Water Companies Invest More Than $3 Billion in Community Water Systems in 2018

As pipes and pumps age and treatment facilities require upgrades, America’s water infrastructure faces an intense need for investment.

Our nation’s drinking water infrastructure received a “D” grade on the American Society of Civil Engineers’ 2017 Infrastructure Report Card. Due to aging infrastructure, water utilities in the United States lose 16 percent of treated water on the way to customers.
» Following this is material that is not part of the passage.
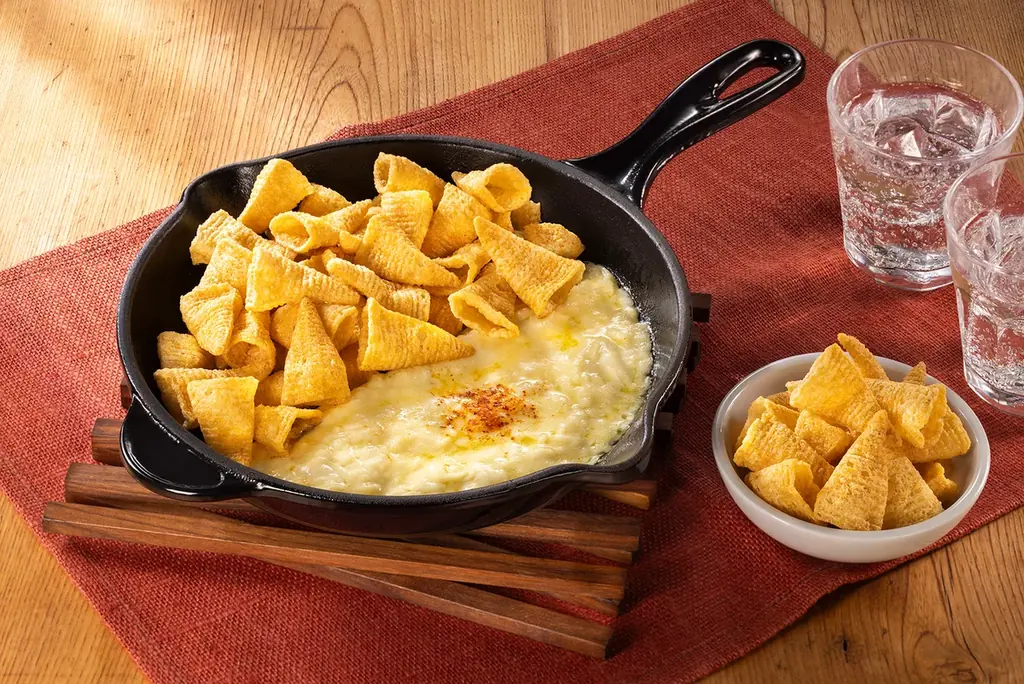 香ばしいチーズや鶏、コチュジャンの甘辛い旨味がたまらない韓国グルメの定番メニュー「チーズタッカルビ」のおいしさを味わえる「とんがりコーン」＜チーズタッカルビ味＞2026年2月16日（月）新発売！ 画像 2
That’s more than 7 billion gallons of treated water lost each day.

To address these challenges, the forecasted needs are enormous – and growing:

  • The latest EPA Drinking Water Infrastructure Needs Survey and Assessment report to Congress showed $472.6 billion is needed to maintain and improve the nation’s drinking water infrastructure between 2015-2035. By comparison, in 2003, the estimate was over $50 billion less at $419.4 billion.
  • Taking this 20-year projected need and dividing it by the total number of water systems in the United States (roughly 53,000), this means that the average water system requires more than $8.9 million in infrastructure replacements and upgrades between 2015 and 2035.
One of the many benefits water companies bring to community water systems is access to capital for urgently needed investments in infrastructure. Municipal bond markets are not bottomless pits of capital for local governments; experts agree that access to private capital is necessary to address the current backlog of large-scale investments in community water and wastewater systems.
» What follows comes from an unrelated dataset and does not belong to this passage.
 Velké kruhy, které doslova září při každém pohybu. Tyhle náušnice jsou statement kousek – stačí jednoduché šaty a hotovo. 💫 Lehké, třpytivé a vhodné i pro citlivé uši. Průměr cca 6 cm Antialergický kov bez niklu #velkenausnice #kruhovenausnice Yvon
In 2018, according to annual reports and public filings, the 10 largest water companies in the United States invested more than $3 billion in community water systems. Notably, this total is greater than the total federal investment in water infrastructure in 2018 through the State Revolving Fund programs ($2.6 billion).

Furthermore, these substantial water company investments have strong returns in the form of higher water quality. Multiple studies confirm that water systems run by water companies have far fewer water quality violations than systems run by local governments. 

This strong record of investment and delivering higher quality water is another reality you won’t hear in the misleading activist spin on water companies.